**Work item**
Give the count of lines in the records below that contain "Market", with no other words.
-------- Stored data
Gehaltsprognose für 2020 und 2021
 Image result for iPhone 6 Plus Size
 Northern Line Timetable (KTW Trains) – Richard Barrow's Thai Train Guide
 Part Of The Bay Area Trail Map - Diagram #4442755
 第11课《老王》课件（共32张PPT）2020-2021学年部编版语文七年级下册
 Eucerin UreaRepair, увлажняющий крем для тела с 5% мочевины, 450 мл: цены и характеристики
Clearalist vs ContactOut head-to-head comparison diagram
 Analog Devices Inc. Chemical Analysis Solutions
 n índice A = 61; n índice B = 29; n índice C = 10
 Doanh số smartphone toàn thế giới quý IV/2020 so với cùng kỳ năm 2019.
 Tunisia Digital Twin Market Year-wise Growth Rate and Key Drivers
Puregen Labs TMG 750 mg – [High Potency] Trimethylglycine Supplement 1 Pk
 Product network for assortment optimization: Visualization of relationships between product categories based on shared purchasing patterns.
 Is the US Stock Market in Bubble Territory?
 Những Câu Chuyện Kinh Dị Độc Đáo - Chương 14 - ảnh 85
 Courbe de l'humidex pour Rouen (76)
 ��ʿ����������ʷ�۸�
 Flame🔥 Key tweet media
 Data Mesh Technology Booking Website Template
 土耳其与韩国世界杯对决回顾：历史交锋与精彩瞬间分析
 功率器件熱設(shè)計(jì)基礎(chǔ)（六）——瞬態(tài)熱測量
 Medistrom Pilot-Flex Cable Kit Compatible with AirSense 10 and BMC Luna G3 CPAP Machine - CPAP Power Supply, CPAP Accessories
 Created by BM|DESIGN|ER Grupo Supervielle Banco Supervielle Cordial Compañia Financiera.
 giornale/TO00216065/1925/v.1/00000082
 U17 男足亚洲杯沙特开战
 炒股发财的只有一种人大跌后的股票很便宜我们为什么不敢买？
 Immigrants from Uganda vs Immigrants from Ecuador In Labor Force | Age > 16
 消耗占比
----------------
**Output**
2